I compared this to the header in the hueman theme style.css and replaced each bit, so I then had this as the header:

 Theme Name:   Hueman Child
 Theme URI:
 Description:  <a href="">Hueman</a> is a responsive 100% high resolution theme for blogs and magazines. Unique toggle sidebars give a great browsing and reading experience on both tablet and mobile. The feature list is long: Unlimited topbar, header, footer and accent colors, unlimited widget areas, 0-2 sidebars to the left or right that can be uniquely specified for each page or post, 300px / 220px fixed width sidebars, 0-4 footer widget columns, almost zero layout images, related posts and post nav, featured story or slider, 10 post formats, good SEO, 3 flexible custom widgets, localisation support, social links, logo upload and many more useful admin panel features.
 Author:       Alexander Agnarson
 Author URI:
 Template:     hueman
 Version:      1.5.4
 Copyright:    (c) 2013 Alexander "Alx" Agnarson
 License:      GNU General Public License v3.0
 License URI:
 Tags:         light, one-column, two-columns, three-columns, right-sidebar, left-sidebar, fluid-layout, fixed-layout, custom-colors, custom-menu, featured-images, flexible-header, full-width-template, post-formats, sticky-post, theme-options, threaded-comments, translation-ready
 Text Domain:  hueman

This is where the instructions from were not very clear. The one line that is not in the source theme header is the “template: hueman” part. I thought that by being inside comment codes this is not read by the server, but maybe it is.
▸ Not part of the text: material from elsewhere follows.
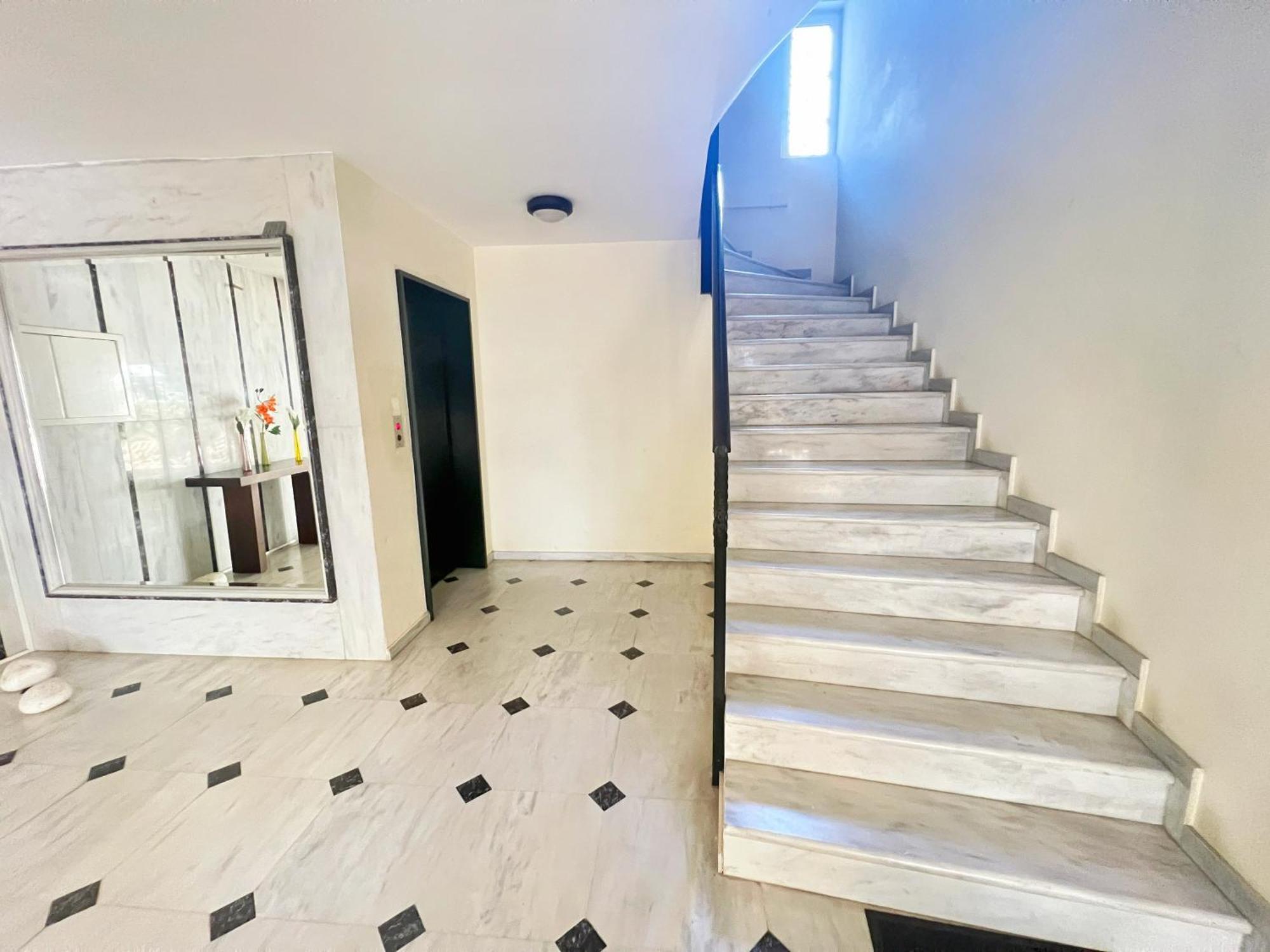 Cozy Fairytal Garden Apartment, Family Friendly, Free Parking, 15 Min To Airport Athènes Extérieur photo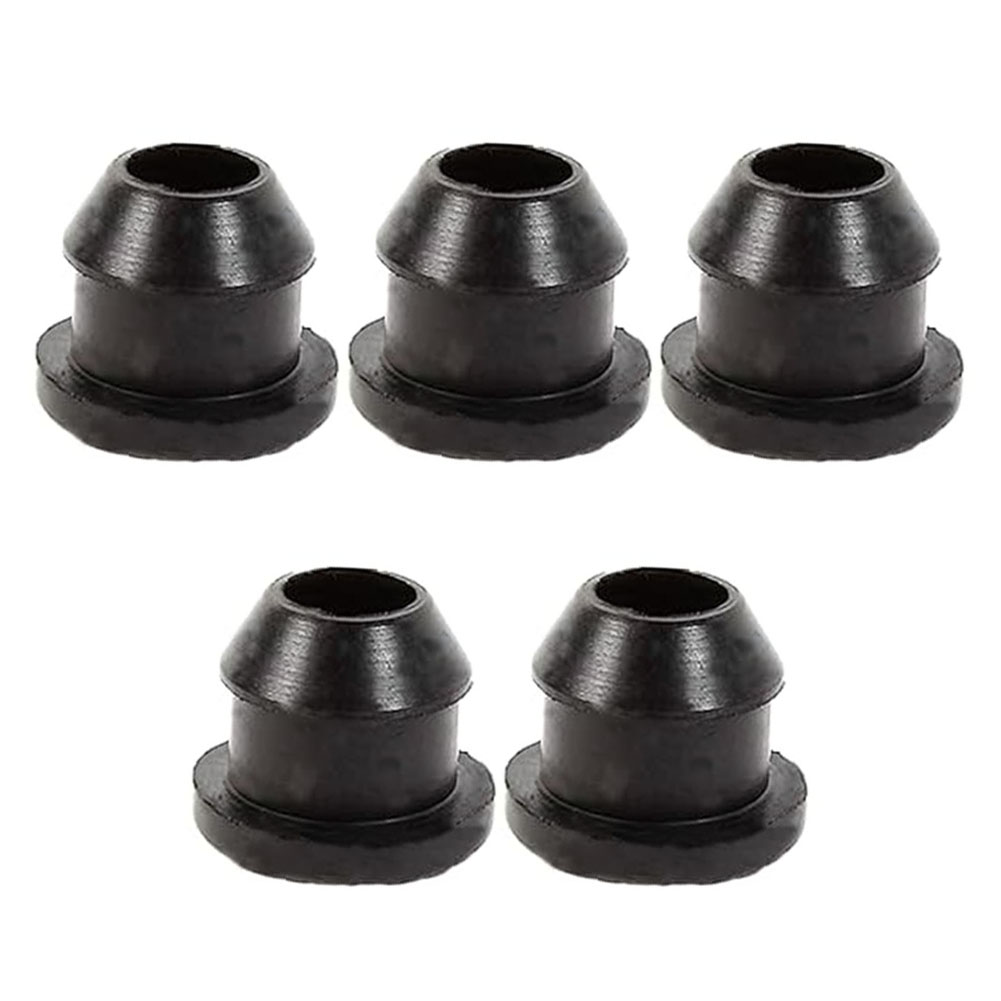 KM85-Specific Vibration Dampin - огляд і ціна Gardening Tools Online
The rest of the instructions on the page were far too complicated. I found these directions easier to follow but it turns out they are out of date – @import is not the way to do things any more.

I then just added the following to the child theme style.css file:

@import url("../hueman/style.css");
/* CHILD THEME customization starts here
------------------------------------------------------- */

I saved this style.css file like that and then uploaded it via FireFTP into the newly created directory blog/wp-content/themes/hueman-child

Next I opened up the wp-admin panel of my site and had a look at what I could see in Appearance > Themes. I now had an additional theme labelled hueman that was just a grey box without the promotional picture.


I had already done some CSS customisation using Appearance > Edit CSS. That option had the warning that if the theme was changed the editing would be lost. It was unclear if selecting the child theme would lose those changes, but to be safe I copied them and pasted into a text document. Then I went back to the Appearance > Themes tab and clicked on the Activate button for the new child theme. Sure enough the CSS edits I had done reverted back to the original, but all of the setting options associated with the theme were still in place. That was my main concern that the colour settings and side bar changes would also be lost.

Now I can edit the CSS using the Appearance > Editor option. So I opened the new style.css file in that and copied and pasted the CSS modifications that I had saved in a temporary text file. Now I can add any other CSS modifications there and they will be saved.

The other thing to note is there is an additional CSS file with this theme: responsive.css. I assume that if I wanted to make modifications to that I would need to add another file that is called responsive.css to the hueman-child directory and have the following text at the top of it

@import url("../hueman/responsive.css");
/* CHILD THEME customization starts here
------------------------------------------------------- */

Confusion that I have

I am not really understanding how the instruction is being interpreted for which CSS file to look at and how the instruction is working to look in the hueman-child directory for the CSS to the hueman directory for everything else.

I’ve found it quite difficult to get exactly the changes that I want, in particular I am not finding my way around the responsive.css to make changes to the look on the tablet and phone. I wonder if there is an equivalent to the developer inspector tool that I can use on my android tablet to identify the classes of the components that I want to change?